Nas últimas semanas, a defesa de Bolsonaro buscou contestar a adição desses novos fatos no processo, ocorridos após a eleição, por não terem a participação do ex-presidente. Quanto à reunião com embaixadores, os advogados de Bolsonaro dizem que aconteceu antes da campanha oficial, e não tinha relação com ela – afinal, os estrangeiros nem podem votar no país. Diz ainda que o objetivo era promover um debate legítimo sobre a segurança do voto eletrônico e que, por isso, ministros do TSE e de outros tribunais superiores também foram convidados.
Defesa de Bolsonaro espera absolvição no TSE
A defesa de Bolsonaro também buscou prolongar o processo, pedindo, por exemplo, a coleta de mais depoimentos de testemunhas. Questionado pela Gazeta do Povo sobre a forma como o processo foi conduzido na coleta de provas, o advogado Tarcísio Vieira Neto, que chefia a defesa, disse ter esperança da absolvição. “Estamos esperançosos de que, a partir do exame da prova colacionada aos autos, o Tribunal Superior Eleitoral tenha aferido a improcedência da tese da acusação”, disse.
Advogados que acompanham de perto a ação preveem que, entre os sete ministros do TSE, há três certos pela condenação: de Benedito Gonçalves, o relator; do presidente da Corte, Alexandre de Moraes; e da ministra Cármen Lúcia. Durante a campanha, os três quase sempre votavam juntos para punir Bolsonaro em ações relacionadas à propaganda eleitoral.
Junto com ele também votava Ricardo Lewandowski, e por isso ele era também dado como voto certo pela condenação de Bolsonaro. Mas o ministro não vai participar do julgamento, porque antecipou a aposentadoria para 11 de abril.
Em seu lugar, estará Kassio Nunes Marques, ministro do STF indicado por Bolsonaro e que tende a votar pela absolvição. A projeção é que o ministro Raul Araújo também vote assim.

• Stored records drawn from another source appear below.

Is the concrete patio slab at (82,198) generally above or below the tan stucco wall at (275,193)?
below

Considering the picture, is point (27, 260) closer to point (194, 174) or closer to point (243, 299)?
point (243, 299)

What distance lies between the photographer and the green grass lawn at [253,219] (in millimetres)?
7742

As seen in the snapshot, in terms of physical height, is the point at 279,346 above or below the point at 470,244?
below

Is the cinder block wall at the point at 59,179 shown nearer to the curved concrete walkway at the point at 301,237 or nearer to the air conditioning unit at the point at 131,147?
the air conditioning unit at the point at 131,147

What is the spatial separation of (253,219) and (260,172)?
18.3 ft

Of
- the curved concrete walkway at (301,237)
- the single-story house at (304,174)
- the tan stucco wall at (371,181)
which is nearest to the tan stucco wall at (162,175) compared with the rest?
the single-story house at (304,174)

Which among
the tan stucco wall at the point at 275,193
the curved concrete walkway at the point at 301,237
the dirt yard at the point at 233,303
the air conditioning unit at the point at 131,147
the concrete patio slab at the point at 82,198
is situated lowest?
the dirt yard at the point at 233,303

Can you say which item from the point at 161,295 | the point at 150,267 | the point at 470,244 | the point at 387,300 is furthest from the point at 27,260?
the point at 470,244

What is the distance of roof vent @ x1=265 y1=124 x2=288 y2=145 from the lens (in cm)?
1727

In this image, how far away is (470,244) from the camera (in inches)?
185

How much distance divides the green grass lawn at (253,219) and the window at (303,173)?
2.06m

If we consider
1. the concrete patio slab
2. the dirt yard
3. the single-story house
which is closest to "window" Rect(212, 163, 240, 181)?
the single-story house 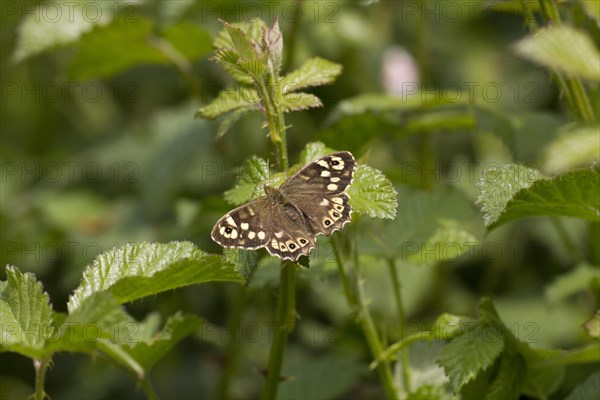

Os outros dois ministros, Sergio Banhos e Carlos Horbach, oriundos da advocacia, serão decisivos. A maioria dos advogados que acompanha o caso, porém, considera que ao menos um deles, Banhos, deve votar pela condenação. Ele também votou contra Francischini em 2018, julgamento no qual apenas Horbach votou pela absolvição.